The Tax collectors have been employed to cope with Browns convoluted tax schemes and obsessive micro managing. A simpler tax system would free up resources to pay for even more doctors and nurses and your final statement just sums up Labours nanny knows best attitude.

Thanks for reminding us why we're Conservatives.

"A leftie coming on here to comment amuses me even more Cornstock."

It's COMstock, but anyway, glad I serve some useful function :D

Being called a 'leftie' amuses me still further, considering I'm proberbly to the right of the Labour party of 20 years ago

"Thanks for reminding us why we're Conservatives"

You're welcome, indeed thank *you* for reminding me why the present shower at number 10 (who I don't much like at all) are the lesser of two evils.


Still got nothing constructive to say COMstock?What a suprise!I'm delighted we amuse you,why don't you try to amuse us?Post something funny.

Breaking News in the Times :

Computer care records 'years late'

Plans to introduce an electronic medical record for every NHS patient in England are at least two-and-a-half years behind schedule, a government minister said. Health minister Lord Warner, who is overseeing the Government's health service IT programme, also admitted that the full cost of the programme was likely to be nearer £20bn than the widely quoted figure of £6.2bn. He told the Financial Times that some parts of the programme "are going pretty well and pretty much to time", but added that others "are going more slowly than we would otherwise like"."

Three years late and three times over budget... another rip-roaring success in government IT.

Today's Telegraph (on the front page and its leader column) highlights what it calls "The Whitehall Farce".
I am not sure whether we have already noted that "The amount of taxpayers' money wasted through public sector fraud and mismanagement, including pension payments to the deceased and benefit handouts to failed asylum seekers, has shot up 33% in two years".
The DT also reveals that the man appointed by the PM to sort out the malfunctioning CSA is being paid £900 a day, although when it phoned the department's public inquiries office, the caller was greeted by a recorded message saying the office was "closed due to staff shortages". A spokesman explained that because of a combination of annual leave and "privilege days" there was no one to run it.
The fact is the civil service is now so demoralised by this government that no department is functioning properly.
Perhaps the tories should enquire about "privilege days" and how the standard terms and conditions for civil servants compare with those in the private sector.

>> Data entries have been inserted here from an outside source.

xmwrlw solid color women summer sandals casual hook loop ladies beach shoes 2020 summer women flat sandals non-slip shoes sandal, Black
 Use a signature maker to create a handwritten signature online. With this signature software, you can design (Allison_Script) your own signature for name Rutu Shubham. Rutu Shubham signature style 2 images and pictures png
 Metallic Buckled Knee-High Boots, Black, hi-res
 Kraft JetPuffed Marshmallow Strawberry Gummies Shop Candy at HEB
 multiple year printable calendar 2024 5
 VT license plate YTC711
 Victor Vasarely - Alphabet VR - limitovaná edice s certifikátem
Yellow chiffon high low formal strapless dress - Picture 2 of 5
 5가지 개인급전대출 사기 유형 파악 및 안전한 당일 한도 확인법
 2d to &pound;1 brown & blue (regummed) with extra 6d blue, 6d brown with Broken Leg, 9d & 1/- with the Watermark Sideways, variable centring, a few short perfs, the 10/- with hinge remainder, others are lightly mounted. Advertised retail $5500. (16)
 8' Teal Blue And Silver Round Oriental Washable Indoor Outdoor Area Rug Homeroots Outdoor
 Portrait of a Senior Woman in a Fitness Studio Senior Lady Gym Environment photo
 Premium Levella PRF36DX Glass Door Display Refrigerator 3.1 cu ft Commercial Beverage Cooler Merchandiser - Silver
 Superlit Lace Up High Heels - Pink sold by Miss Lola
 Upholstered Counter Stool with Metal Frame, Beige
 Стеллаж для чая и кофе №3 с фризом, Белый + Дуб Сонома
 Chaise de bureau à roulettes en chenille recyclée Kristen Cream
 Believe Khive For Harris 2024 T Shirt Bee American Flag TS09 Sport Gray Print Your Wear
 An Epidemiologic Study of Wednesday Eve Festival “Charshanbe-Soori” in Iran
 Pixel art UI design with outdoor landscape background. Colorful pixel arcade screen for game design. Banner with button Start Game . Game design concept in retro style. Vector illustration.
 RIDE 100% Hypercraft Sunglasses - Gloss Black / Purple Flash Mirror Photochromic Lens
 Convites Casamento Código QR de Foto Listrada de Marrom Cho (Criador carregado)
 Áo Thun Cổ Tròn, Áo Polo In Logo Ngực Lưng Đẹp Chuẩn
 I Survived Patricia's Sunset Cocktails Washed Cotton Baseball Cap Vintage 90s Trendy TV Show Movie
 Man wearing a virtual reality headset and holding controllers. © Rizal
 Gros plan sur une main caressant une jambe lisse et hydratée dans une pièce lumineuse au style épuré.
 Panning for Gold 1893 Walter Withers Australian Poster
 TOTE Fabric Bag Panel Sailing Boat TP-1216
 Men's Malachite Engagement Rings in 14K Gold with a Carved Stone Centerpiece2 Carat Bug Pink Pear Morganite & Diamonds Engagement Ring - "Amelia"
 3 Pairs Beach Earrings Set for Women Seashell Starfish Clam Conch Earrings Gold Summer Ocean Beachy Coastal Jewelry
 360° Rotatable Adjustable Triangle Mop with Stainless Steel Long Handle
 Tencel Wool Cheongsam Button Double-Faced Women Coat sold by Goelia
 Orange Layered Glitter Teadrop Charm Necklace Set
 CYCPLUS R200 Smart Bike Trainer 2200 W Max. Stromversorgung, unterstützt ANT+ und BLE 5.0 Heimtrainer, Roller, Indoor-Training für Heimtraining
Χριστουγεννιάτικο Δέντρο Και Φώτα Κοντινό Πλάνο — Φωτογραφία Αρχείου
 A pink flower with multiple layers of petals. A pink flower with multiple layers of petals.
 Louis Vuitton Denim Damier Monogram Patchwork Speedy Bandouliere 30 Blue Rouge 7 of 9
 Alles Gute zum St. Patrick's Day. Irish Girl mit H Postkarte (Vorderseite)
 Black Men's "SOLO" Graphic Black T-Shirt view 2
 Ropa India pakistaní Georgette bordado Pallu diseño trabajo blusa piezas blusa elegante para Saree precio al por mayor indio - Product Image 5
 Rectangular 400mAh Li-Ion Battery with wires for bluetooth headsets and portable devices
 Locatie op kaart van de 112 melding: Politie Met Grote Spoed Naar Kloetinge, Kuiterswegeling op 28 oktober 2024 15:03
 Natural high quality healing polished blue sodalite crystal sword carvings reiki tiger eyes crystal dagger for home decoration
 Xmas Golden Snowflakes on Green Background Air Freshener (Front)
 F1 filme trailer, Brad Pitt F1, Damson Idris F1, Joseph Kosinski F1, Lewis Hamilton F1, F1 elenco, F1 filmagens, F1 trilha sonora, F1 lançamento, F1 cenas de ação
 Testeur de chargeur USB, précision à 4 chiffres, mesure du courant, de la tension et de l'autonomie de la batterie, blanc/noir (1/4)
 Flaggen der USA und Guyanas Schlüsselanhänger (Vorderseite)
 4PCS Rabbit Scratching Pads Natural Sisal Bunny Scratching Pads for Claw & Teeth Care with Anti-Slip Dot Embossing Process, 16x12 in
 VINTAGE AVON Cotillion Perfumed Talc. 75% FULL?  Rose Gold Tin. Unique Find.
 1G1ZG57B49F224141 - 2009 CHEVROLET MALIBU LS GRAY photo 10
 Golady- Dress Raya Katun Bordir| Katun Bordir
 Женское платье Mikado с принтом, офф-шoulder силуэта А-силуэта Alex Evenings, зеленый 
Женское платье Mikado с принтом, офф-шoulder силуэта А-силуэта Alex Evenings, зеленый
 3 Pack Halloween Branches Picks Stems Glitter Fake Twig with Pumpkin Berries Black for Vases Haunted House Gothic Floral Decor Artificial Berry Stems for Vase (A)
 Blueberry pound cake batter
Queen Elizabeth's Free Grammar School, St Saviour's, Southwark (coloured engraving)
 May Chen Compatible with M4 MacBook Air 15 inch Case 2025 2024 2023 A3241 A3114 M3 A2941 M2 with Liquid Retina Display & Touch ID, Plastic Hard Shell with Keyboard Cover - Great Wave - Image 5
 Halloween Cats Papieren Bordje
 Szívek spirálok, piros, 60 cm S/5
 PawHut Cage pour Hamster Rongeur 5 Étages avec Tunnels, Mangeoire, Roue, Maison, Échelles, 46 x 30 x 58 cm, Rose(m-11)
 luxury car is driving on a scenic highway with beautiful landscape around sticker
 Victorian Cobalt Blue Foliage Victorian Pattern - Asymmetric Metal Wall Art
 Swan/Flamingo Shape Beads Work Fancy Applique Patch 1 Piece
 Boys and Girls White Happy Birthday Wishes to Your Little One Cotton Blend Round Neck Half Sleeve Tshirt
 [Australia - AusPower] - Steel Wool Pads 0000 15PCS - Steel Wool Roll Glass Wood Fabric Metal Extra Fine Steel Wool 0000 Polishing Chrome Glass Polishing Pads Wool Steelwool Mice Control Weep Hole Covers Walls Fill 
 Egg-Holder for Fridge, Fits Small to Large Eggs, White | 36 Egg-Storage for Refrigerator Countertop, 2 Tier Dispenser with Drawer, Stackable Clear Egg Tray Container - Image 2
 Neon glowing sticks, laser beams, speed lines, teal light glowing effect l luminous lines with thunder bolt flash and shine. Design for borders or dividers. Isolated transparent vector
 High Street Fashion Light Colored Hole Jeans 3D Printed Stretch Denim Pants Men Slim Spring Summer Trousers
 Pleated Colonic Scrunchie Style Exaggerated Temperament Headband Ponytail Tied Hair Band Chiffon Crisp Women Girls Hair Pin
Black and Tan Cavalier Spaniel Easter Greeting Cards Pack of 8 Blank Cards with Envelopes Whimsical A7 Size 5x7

Jeff Randall in today's Telegraph has a neat comment on Gordon Brown's sale of part of the UK's gold reserves in an article on the 10 worst financial decisions taken in Britain since 1980:

Brown's Reverse Alchemy: only a moron in a hurry offloads half his assets at the bottom of the market. So no cigar for Gordon Brown who dumped 50% of Britain's gold reserves in 1998-2002 at $280 an ounce. As Britain was selling, China bought. Gold's surge to $700 means Brown has cost taxpayers £2bn-plus.